Importing OATH tokens in bulk

You can authenticate with Privileged Access Service using your existing third-party OATH tokens (for example, those generated by a YubiKey) by bulk uploading those tokens. Privileged Access Service uses those tokens to generate one-time passcodes (OTP) that users with registered devices can immediately use to log in to the admin portal.

Users without registered devices must first log in to the Admin Portal and scan the Privileged Access Service generated QR code (using a third party authenticator) to get the passcode pushed to their devices. You can direct users to Using OTPs to authenticate.

When you upload these tokens, they will override any existing passcode users may have generated by scanning the Privileged Access Service generated QR code.

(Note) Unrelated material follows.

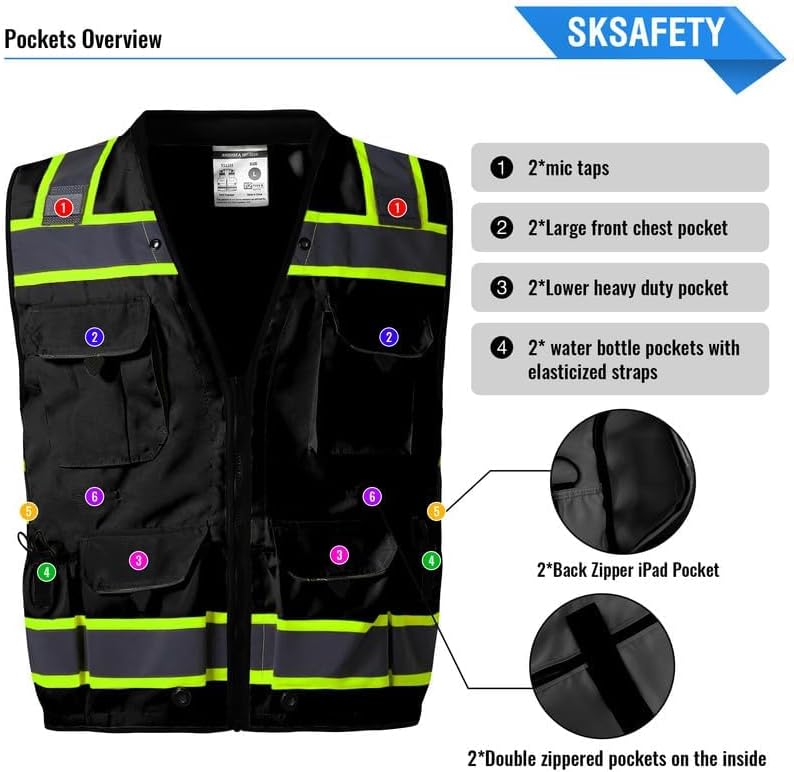 SKSAFETY 12 Pockets Professional level Safety Vest, Class 2 High Visibility Vest, ANSI/ISEA - Image 3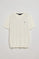Jersey beige de cuello redondo y manga corta con logo bordado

Before you start importing OATH tokens, you need a CSV file with the following column headers (header names must match exactly):

  • User Principle Name
  • Secret Key (HEX)
  • Account Name
  • Issuer
  • Algorithm
  • OTP Digits
  • Type
  • Period
  • Counter

Important: The secret keys in the CSV file must be in HEX format.

Privileged Access Service validates one OATH token per user. If your CSV file contains more than one OATH token for the same user, the last token (the one lowest in the spreadsheet) is validated for that user.

A CSV file template is available on the bulk upload page in Admin Portal.